Con il secondo motivo, le Poste lamentavano una carenza di motivazione, non avendo, la Corte territoriale rideterminato la minore sanzione da irrogare al dipendente in virtù della sproporzione accertata.
IL COMMENTO
Il caso in esame affronta un tema particolarmente interessante che attiene all’esercizio del potere disciplinare del datore di lavoro, previsto e disciplinato nell’art. 2106 c.c.
Questa forma di potere, secondo costante dottrina, costituisce diretta promanazione della superiorità dell’imprenditore.
L’esercizio del potere disciplinare è connesso all’inadempimento, da parte del dipendente, della prestazione lavorativa sotto il profilo tanto della diligenza quanto dell’obbedienza.
Pertanto, è legittimamente esercitato solo se volto a sanzionare la violazione di un obbligo del lavoratore derivante dal contratto di lavoro. È evidente, dunque, che vige una stretta interconnessione tra l’art. 2106 c.c. e gli artt. 2104 e 2105 c.c.
Dalla formulazione letterale dell’art. 2106 c.c. si ricava un altro importante principio, la proporzionalità tra l’entità della violazione e la sanzione irrogata.
A compiere, rectius, ad effettuare un bilanciamento tra questi parametri, è l’imprenditore, il quale, tuttavia, deve agire considerando da un lato il diritto al lavoro del dipendente tutelato dall’art. 4 Cost. e dall’altro l’interesse del datore tutelato dall’art. 41 Cost.
Pertanto, all’atto dell’irrogazione della sanzione disciplinare, l’imprenditore deve valutare la gravità del fatto contestato, senza omettere di considerare, altresì, tutte le circostanze soggettive ed oggettive che hanno connotato il modus agendi oggetto di contestazione.

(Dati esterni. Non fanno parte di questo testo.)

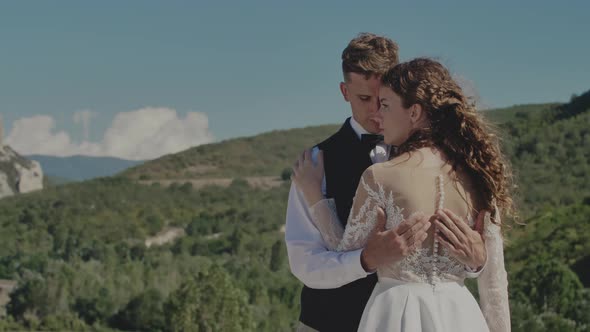 The Bride and Groom Embrace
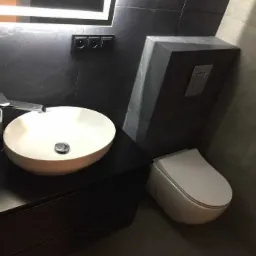 Nowoczesna łazienka w ciemnej tonacji z owalną umywalką nablatową, chromowaną baterią, podświetlanym lustrem i podtynkową toaletą.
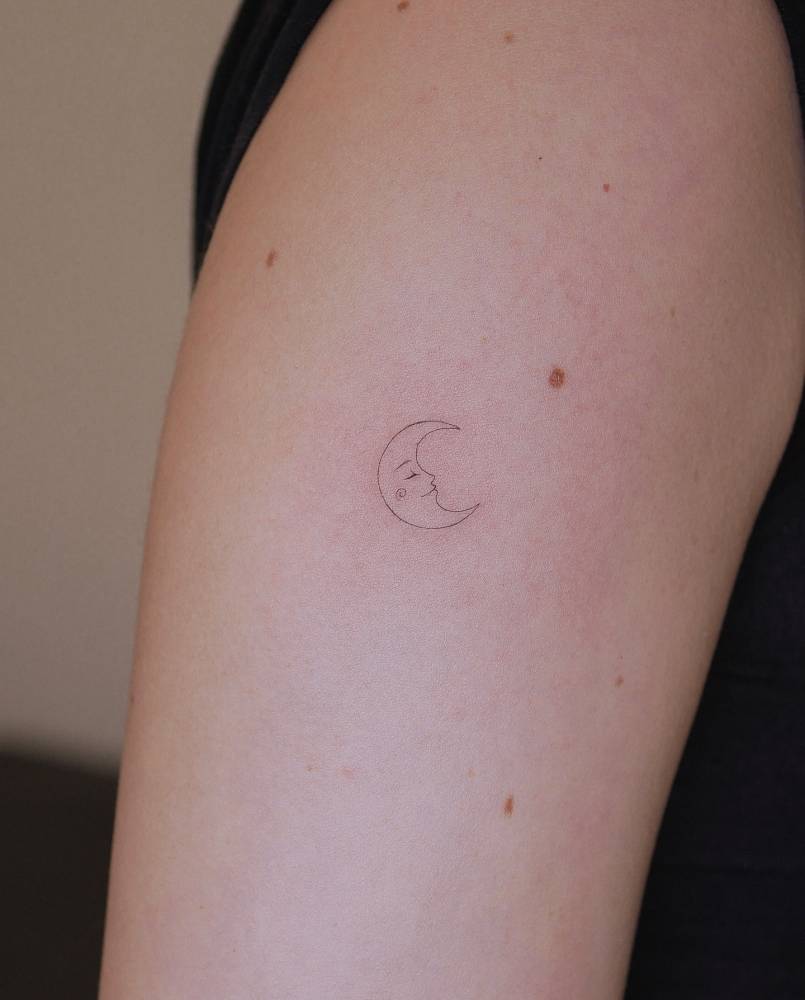 Crescent moon face tattoo located on the upper arm, fine line style.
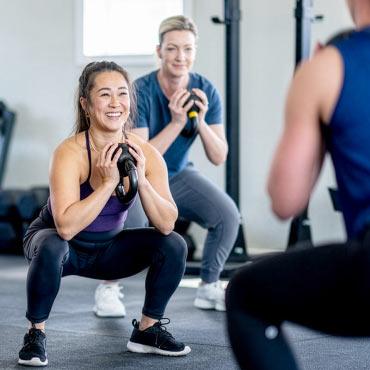 People exercising at a gym.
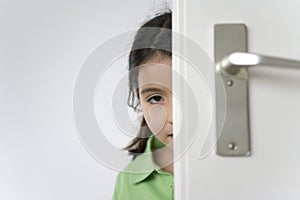 Little girl is hiding behind the door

Sulla base di tale assunto di matrice squisitamente dottrinale, la Suprema Corte con la sentenza in esame, ha statuito il principio in base al quale, il potere di infliggere le sanzioni disciplinare rientra nella discrezionalità imprenditoriale, in quanto riconducibile all’art. 2086 c.c. e all’art. 41 Cost.
Alla luce di siffatte ragioni, il giudice di merito non può convertire la sanzione inflitta in altra meno grave, sebbene adito da parte del datore di lavoro per la conferma della stessa.

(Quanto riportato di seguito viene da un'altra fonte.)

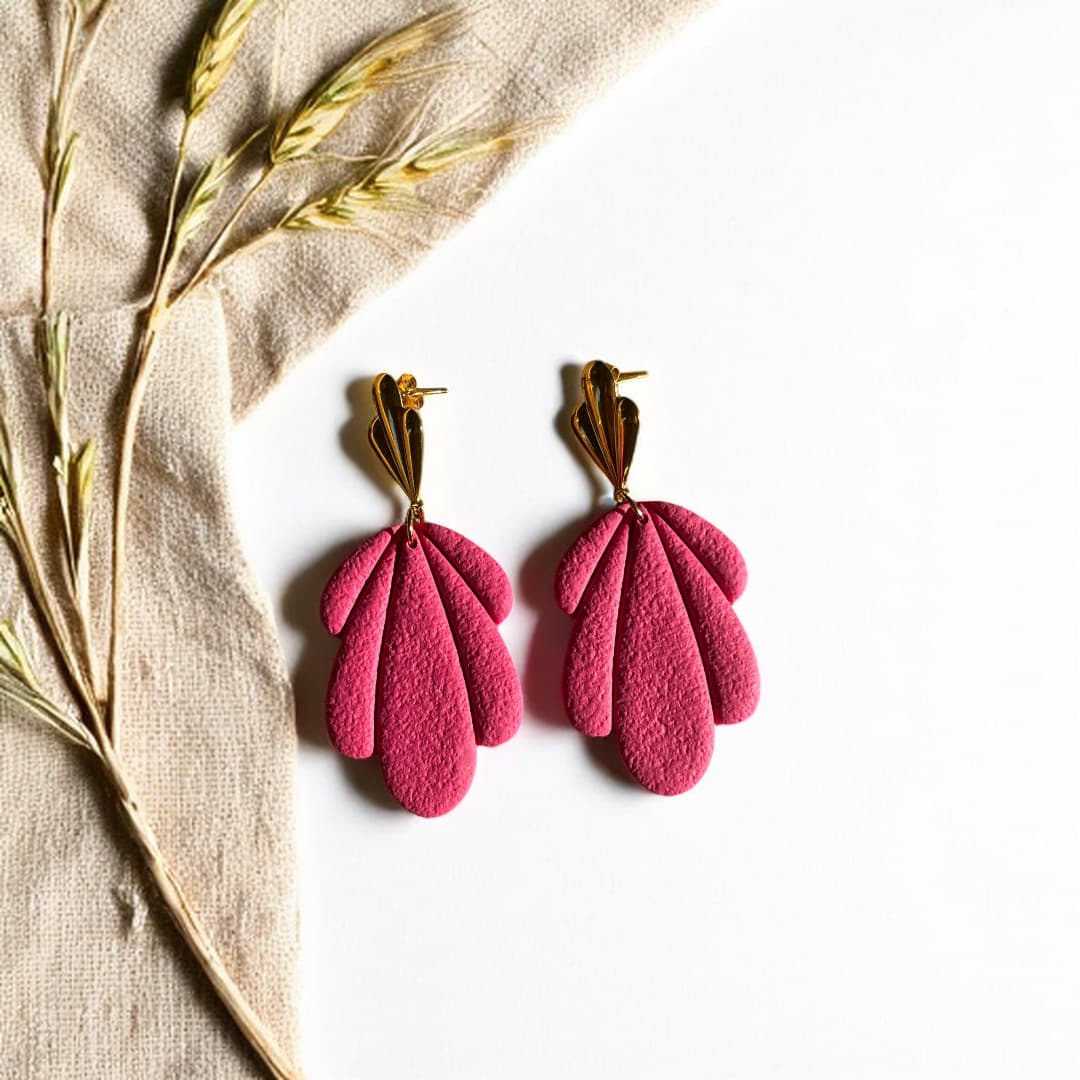Boucles d’oreilles Flora avec pétales en pâte polymère rose texturée et clous dorés en forme de feuille.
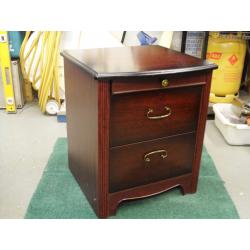 Pair of stag mahogany 2 drawer bedside cabinets, plus third not stag. Strong and servicable .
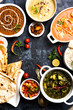 Assorted indian food for lunch or dinner, rice, lentils, paneer, dal makhani, naan, chutney, spices over moody background. selective focus
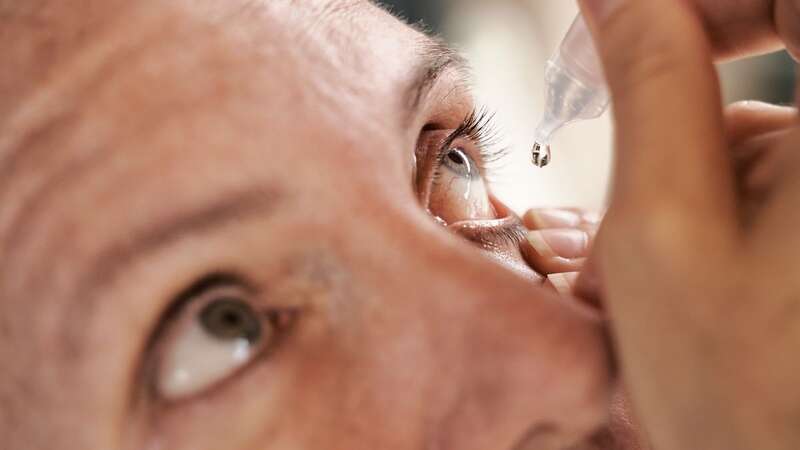 A woman is seen applying eye drops (file image) (Image: Getty Images)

Nello specifico, il lavoratore L. si è rivolto ad un collega utilizzando frasi minacciose, ma non offensive, e tale vicenda è stata segnalata al datore di lavoro mediante un esposto di altre due dipendenti.
La Suprema Corte, confermando la sentenza del giudice del gravame, che ha ritenuto sussistente l’inadempimento ma sproporzionata la sanzione, soprattutto in quanto l’esposto presentato dalle altre dipendenti non riguardava queste ultime bensì “un terzo dipendente”, ha sostenuto che il principio di proporzionalità è frutto di valutazioni di merito e, dunque, è incensurabile in sede di legittimità.
Conclude, pertanto la Suprema Corte, che anche nel caso in cui il giudice sia stato adito da parte del datore di lavoro per la conferma della sanzione disciplinare, non può tramutarla in altra meno grave, proprio perché il potere di irrogare le sanzioni disciplinari è frutto della discrezionalità dell’imprenditore contemplata dalla legge e dalla Carta Costituzionale.
Alla luce di quanto esposto, la Suprema Corte dichiara inammissibili i due motivi, e rigetta il ricorso, nulla statuendo sulle spese di lite, non avendo controparte svolto attività difensiva.